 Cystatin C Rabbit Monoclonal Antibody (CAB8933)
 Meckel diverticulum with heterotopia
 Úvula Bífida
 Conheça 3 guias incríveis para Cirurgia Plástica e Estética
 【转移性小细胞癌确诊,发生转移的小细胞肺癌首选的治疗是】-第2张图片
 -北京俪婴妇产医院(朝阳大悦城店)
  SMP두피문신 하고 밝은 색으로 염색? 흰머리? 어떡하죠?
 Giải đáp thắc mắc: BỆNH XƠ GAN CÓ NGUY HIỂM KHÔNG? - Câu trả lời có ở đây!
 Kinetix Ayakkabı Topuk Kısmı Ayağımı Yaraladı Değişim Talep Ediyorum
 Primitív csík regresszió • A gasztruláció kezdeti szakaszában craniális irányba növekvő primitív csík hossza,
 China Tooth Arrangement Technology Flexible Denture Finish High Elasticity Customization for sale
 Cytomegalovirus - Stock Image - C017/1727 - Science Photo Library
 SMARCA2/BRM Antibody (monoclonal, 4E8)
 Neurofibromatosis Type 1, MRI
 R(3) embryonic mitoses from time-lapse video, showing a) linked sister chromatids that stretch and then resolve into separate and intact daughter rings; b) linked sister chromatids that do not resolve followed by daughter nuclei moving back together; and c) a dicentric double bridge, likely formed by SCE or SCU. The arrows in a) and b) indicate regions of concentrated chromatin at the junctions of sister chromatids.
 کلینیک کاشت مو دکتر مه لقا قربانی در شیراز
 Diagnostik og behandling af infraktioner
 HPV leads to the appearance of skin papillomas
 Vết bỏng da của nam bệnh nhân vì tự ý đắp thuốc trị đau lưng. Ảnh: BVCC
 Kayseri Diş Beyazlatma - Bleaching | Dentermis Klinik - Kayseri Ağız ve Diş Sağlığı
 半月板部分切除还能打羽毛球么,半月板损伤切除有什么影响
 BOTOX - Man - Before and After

- **What needs to be done**: The expected answer is an exact copy of the lines above, beginning at the line with "Diagnostik og behandling af infraktioner" and ending at the line with "Kayseri Diş Beyazlatma", with both ends in.

- **Response for this exercise**:
 Diagnostik og behandling af infraktioner
 HPV leads to the appearance of skin papillomas
 Vết bỏng da của nam bệnh nhân vì tự ý đắp thuốc trị đau lưng. Ảnh: BVCC
 Kayseri Diş Beyazlatma - Bleaching | Dentermis Klinik - Kayseri Ağız ve Diş Sağlığı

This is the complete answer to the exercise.